Supplied data —
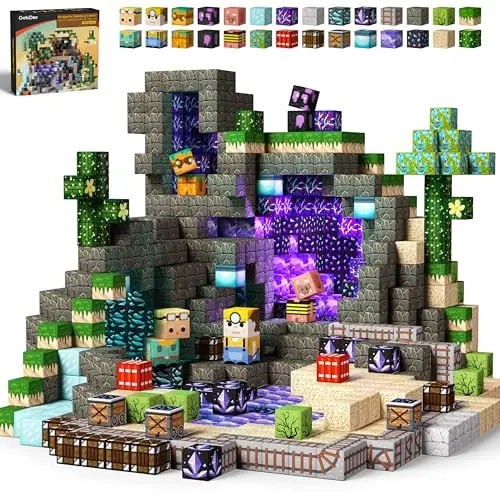 GobiDex Magnetische Bausteine Blöcke 100 Stück, MagWonder Bauen Sie mit Gemfifre Hollow Magnetblöcke, Game-Based STEM Spielzeug für Kinder ab 3 Jahren, Geschenk für Jungen und Mädchen(2 x 2 x 2 cm)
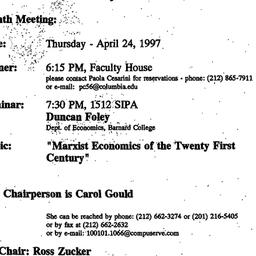 Announcements, 1997-04-24. ...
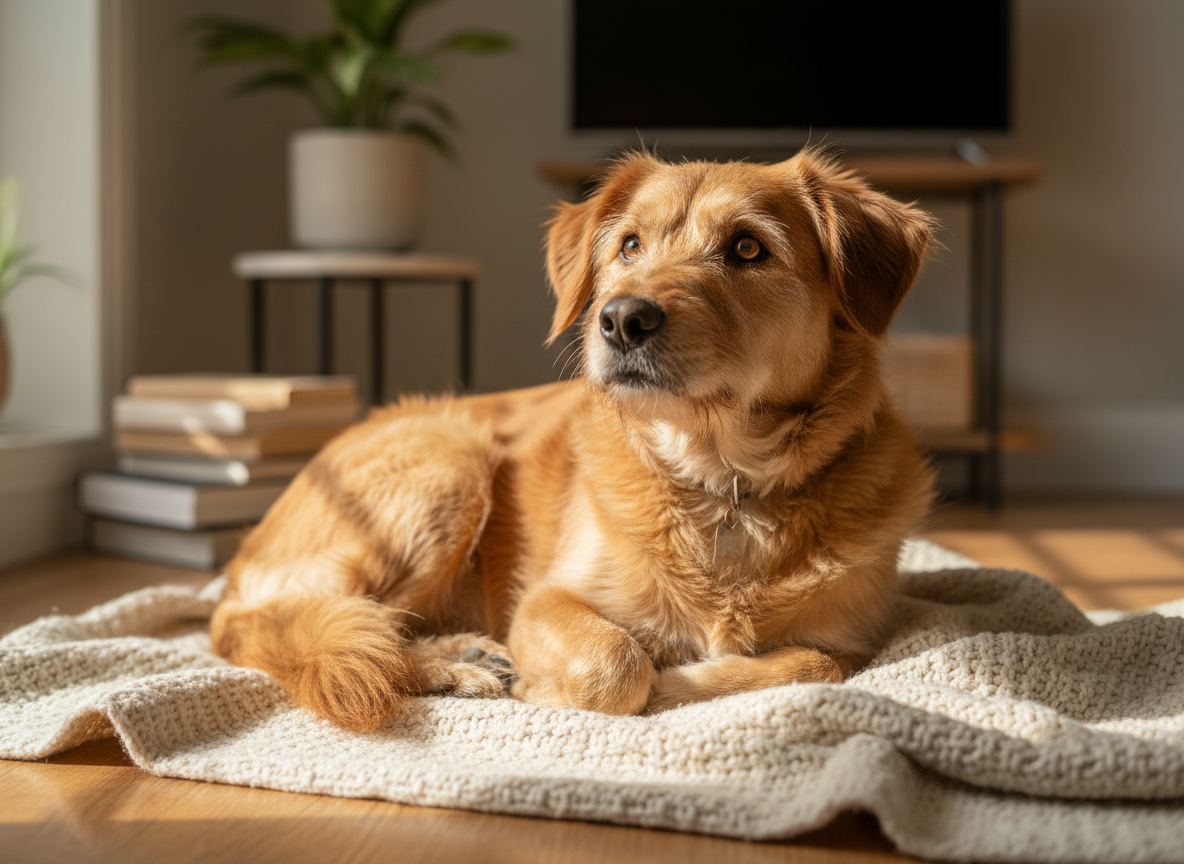 Smiling brown-and-white rescue dog relaxing on a cozy blanket, looking up with hopeful eyes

Exercise details — Repeat the data word for word. Images are not part of the copy.

Task result —
 GobiDex Magnetische Bausteine Blöcke 100 Stück, MagWonder Bauen Sie mit Gemfifre Hollow Magnetblöcke, Game-Based STEM Spielzeug für Kinder ab 3 Jahren, Geschenk für Jungen und Mädchen(2 x 2 x 2 cm)
 Announcements, 1997-04-24. ...
 Smiling brown-and-white rescue dog relaxing on a cozy blanket, looking up with hopeful eyes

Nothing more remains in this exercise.